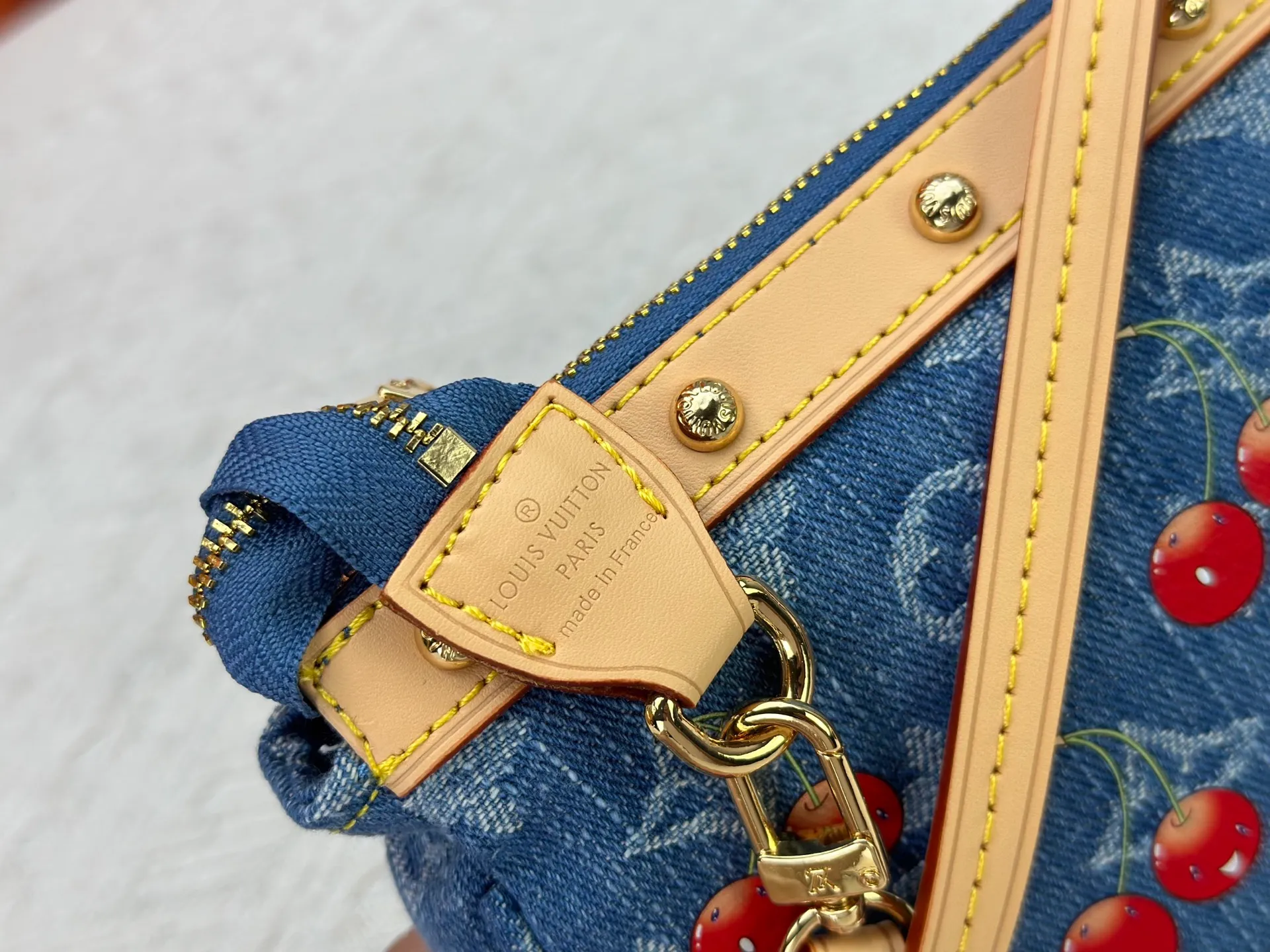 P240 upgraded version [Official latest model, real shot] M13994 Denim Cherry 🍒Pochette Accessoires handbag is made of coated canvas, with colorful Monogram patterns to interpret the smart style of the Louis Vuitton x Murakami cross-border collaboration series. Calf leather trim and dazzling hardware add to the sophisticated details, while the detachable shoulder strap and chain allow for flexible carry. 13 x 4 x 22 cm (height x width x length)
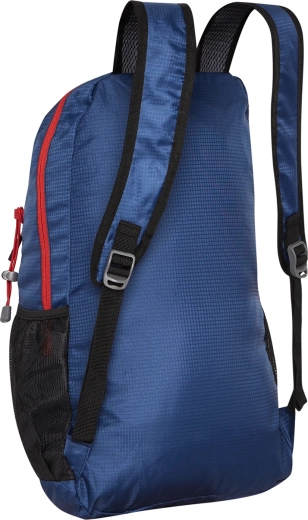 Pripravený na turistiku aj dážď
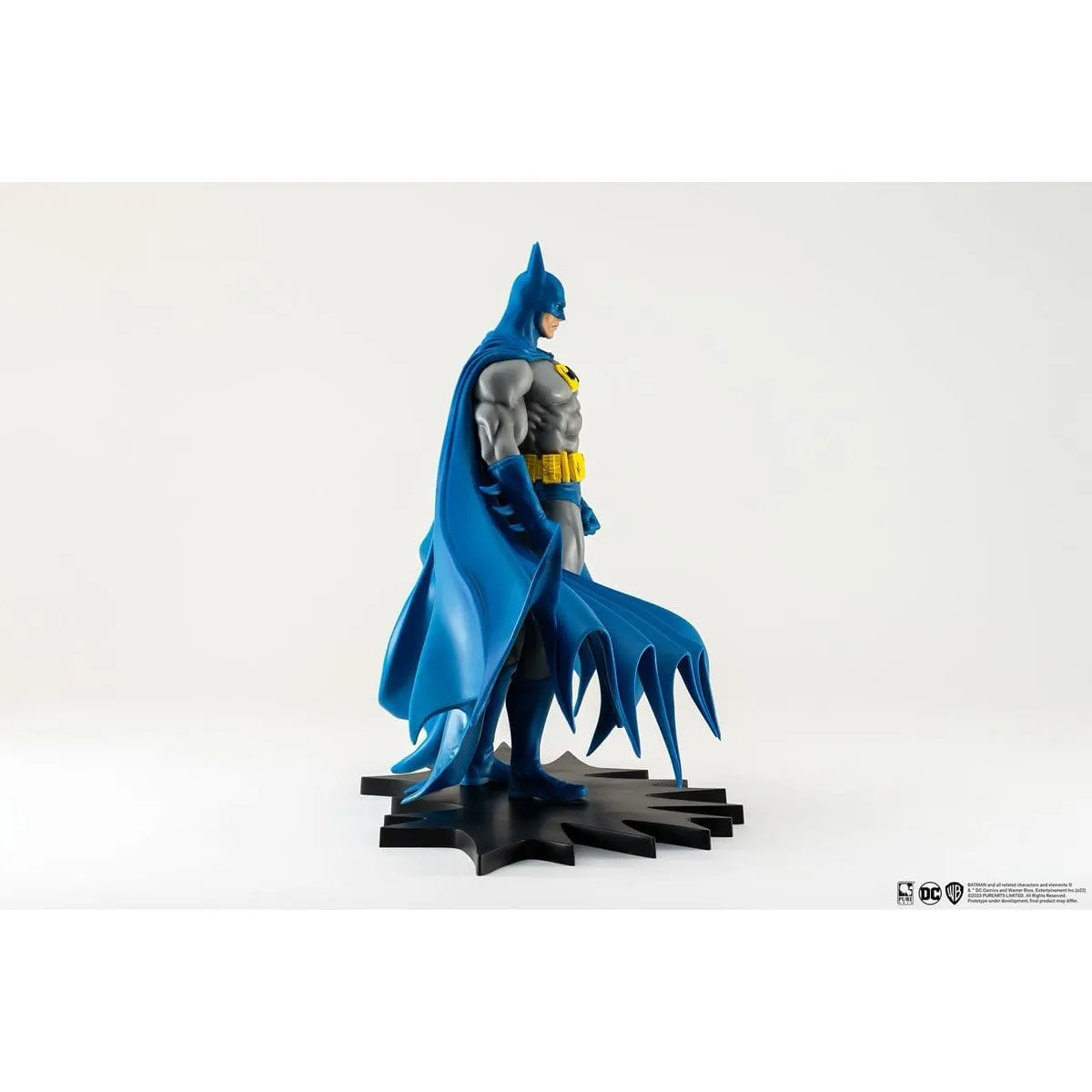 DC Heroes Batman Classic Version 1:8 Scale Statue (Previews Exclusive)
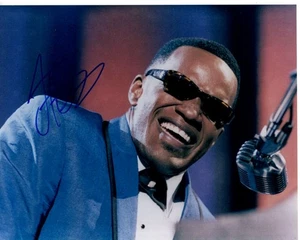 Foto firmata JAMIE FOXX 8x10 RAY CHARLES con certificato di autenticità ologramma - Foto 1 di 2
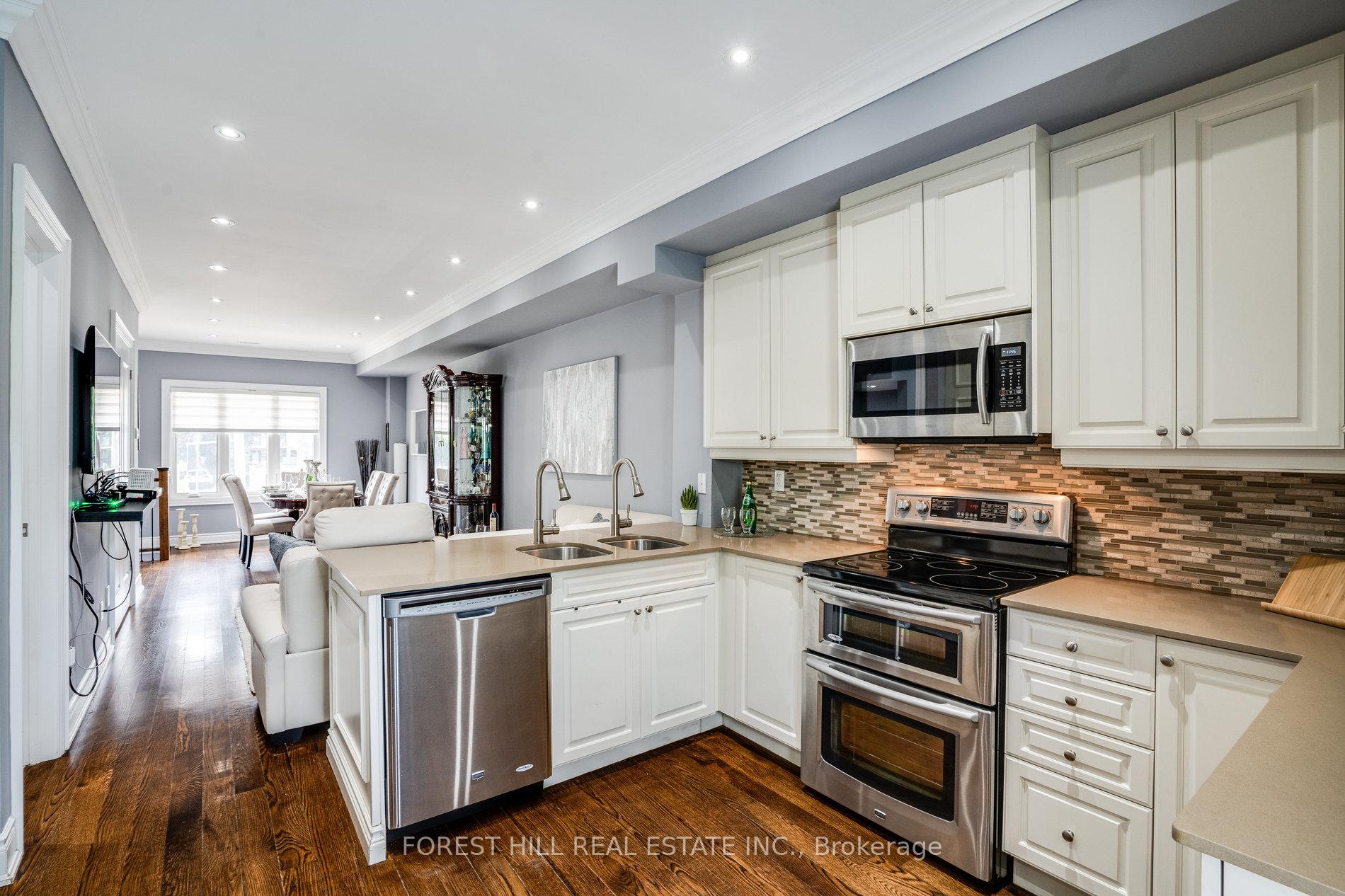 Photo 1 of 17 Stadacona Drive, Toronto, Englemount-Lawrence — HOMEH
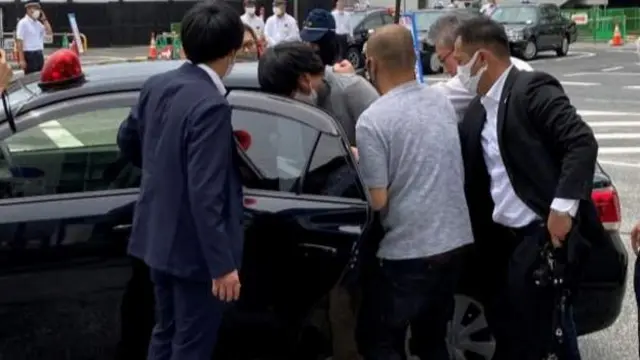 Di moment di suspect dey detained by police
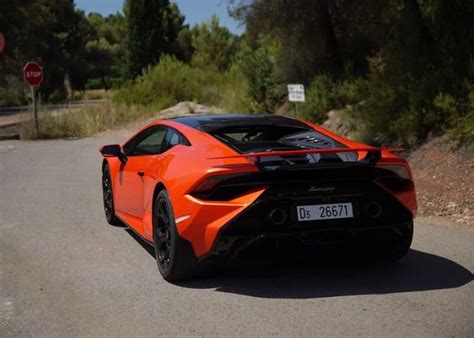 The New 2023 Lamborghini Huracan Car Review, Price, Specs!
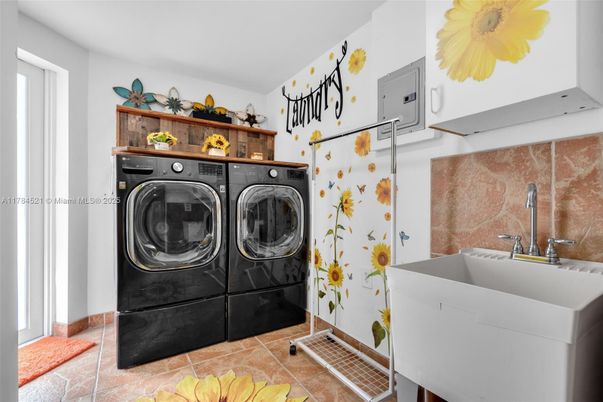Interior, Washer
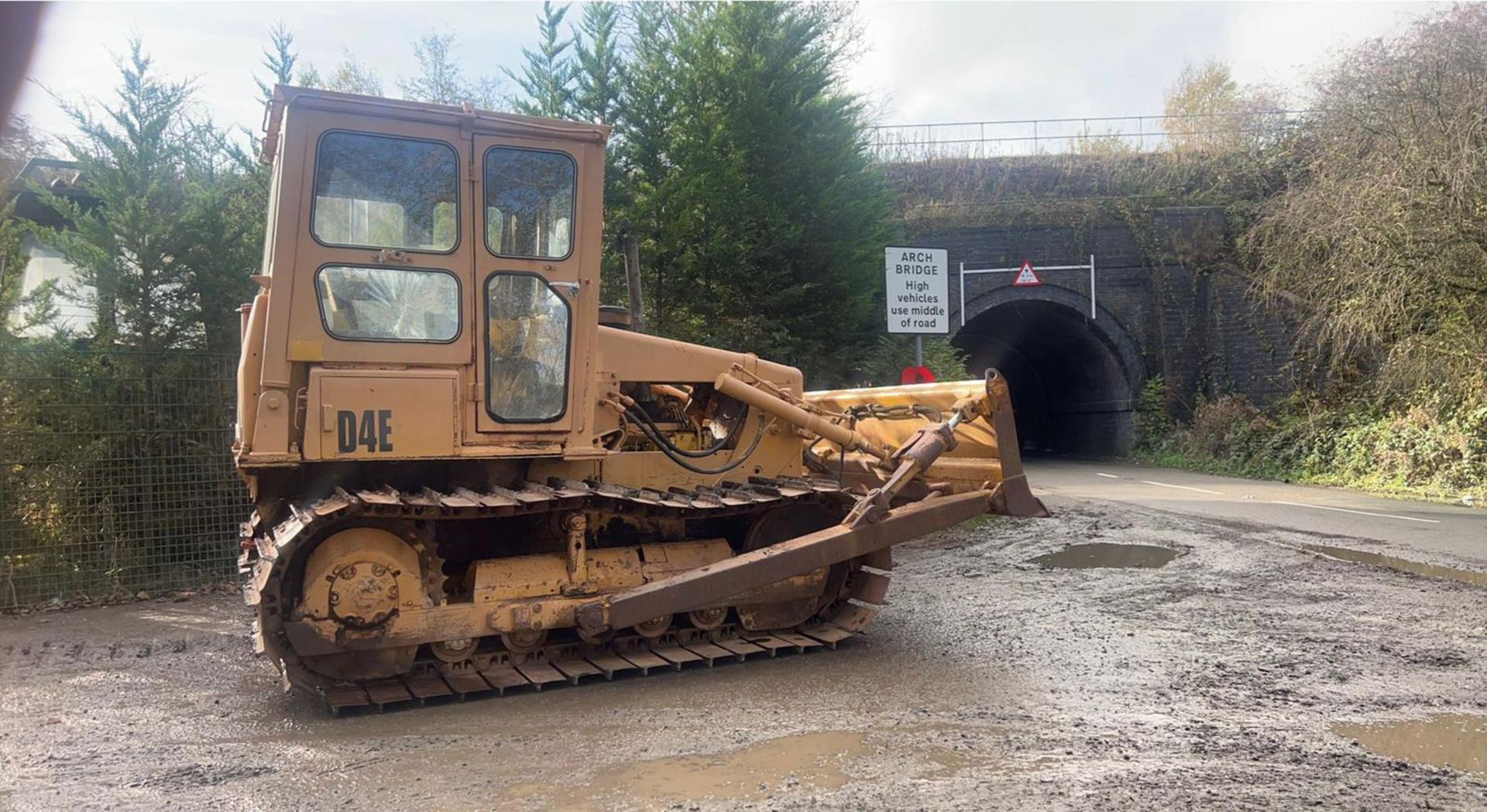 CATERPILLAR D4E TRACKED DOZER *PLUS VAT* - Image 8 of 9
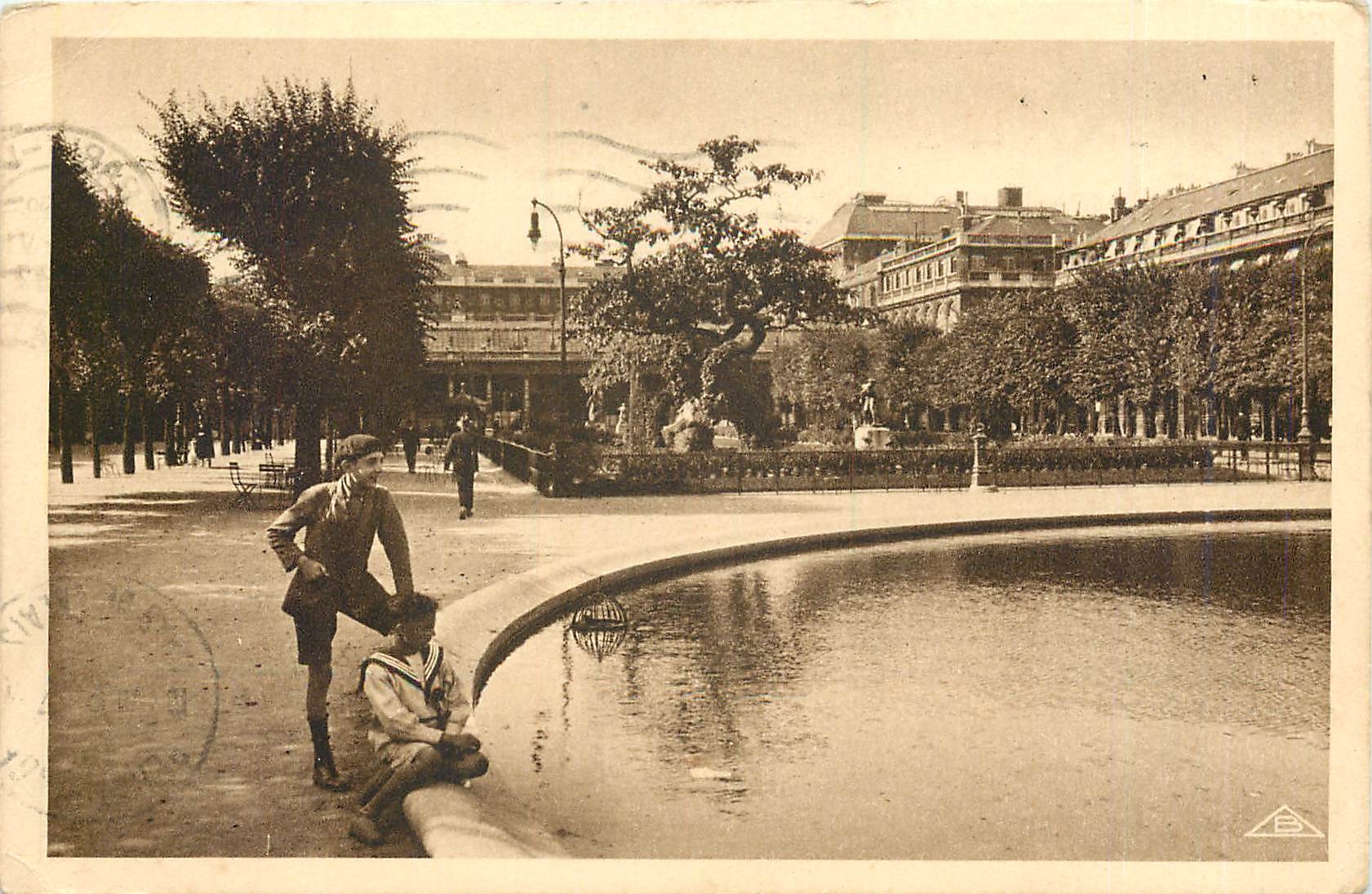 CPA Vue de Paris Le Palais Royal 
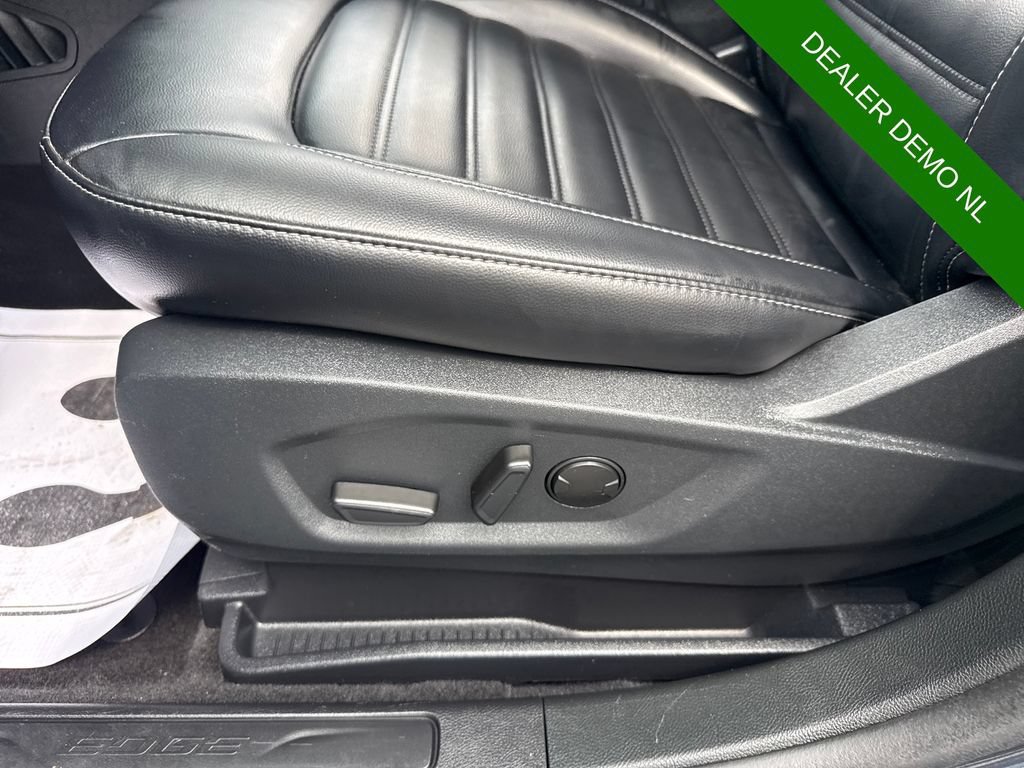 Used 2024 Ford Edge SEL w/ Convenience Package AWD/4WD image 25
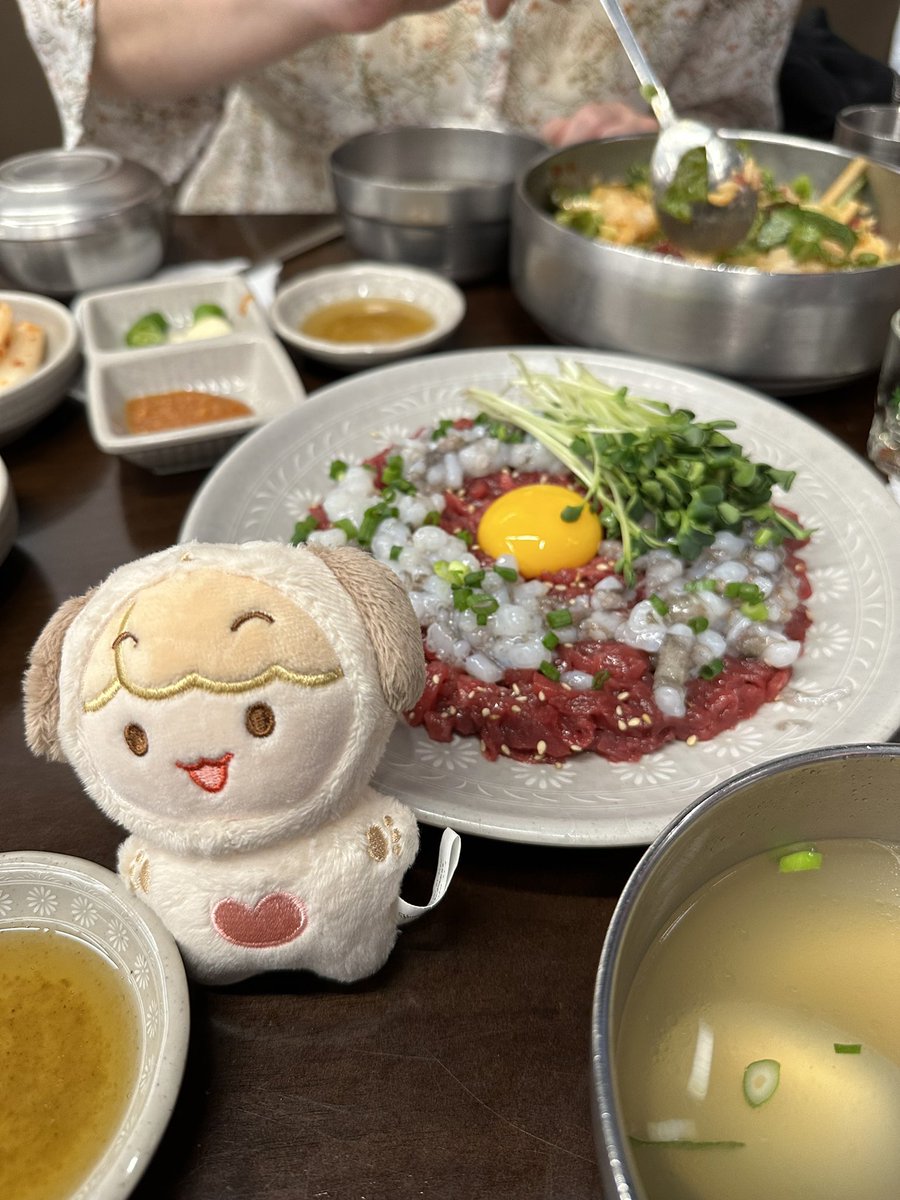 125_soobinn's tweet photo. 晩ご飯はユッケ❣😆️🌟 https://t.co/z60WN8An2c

● Exercise: Please set down exactly the lines from the one holding "CPA Vue de Paris Le Palais Royal" through the last line of the entries, both ends included, and skip pictures.

● Task output:
 CPA Vue de Paris Le Palais Royal 
 Used 2024 Ford Edge SEL w/ Convenience Package AWD/4WD image 25
 125_soobinn's tweet photo. 晩ご飯はユッケ❣😆️🌟 https://t.co/z60WN8An2c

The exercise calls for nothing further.